### [Task directions]
Could you output the listing that follows exactly, without its images?

### [Given data]
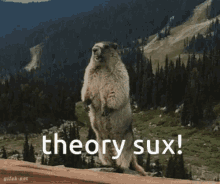 Theory Sucks Theory Sux GIF - Theory Sucks Theory Sux Theory GIFs
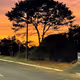Por-do-sol
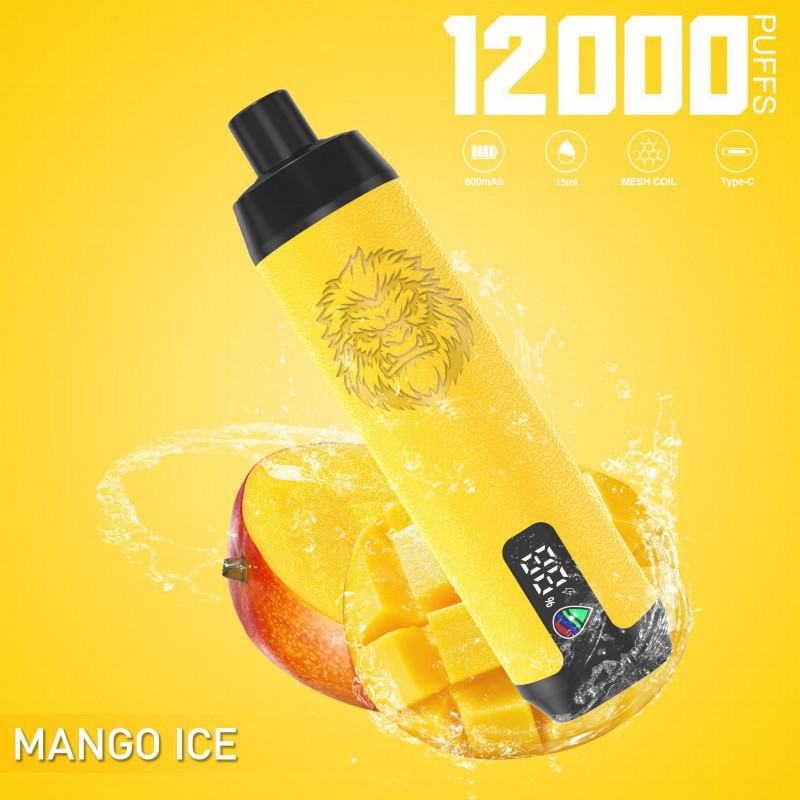 N/M Puff Dtl 12000 Puffs Disposable E-cigarette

### [Response]
 Theory Sucks Theory Sux GIF - Theory Sucks Theory Sux Theory GIFs
Por-do-sol
 N/M Puff Dtl 12000 Puffs Disposable E-cigarette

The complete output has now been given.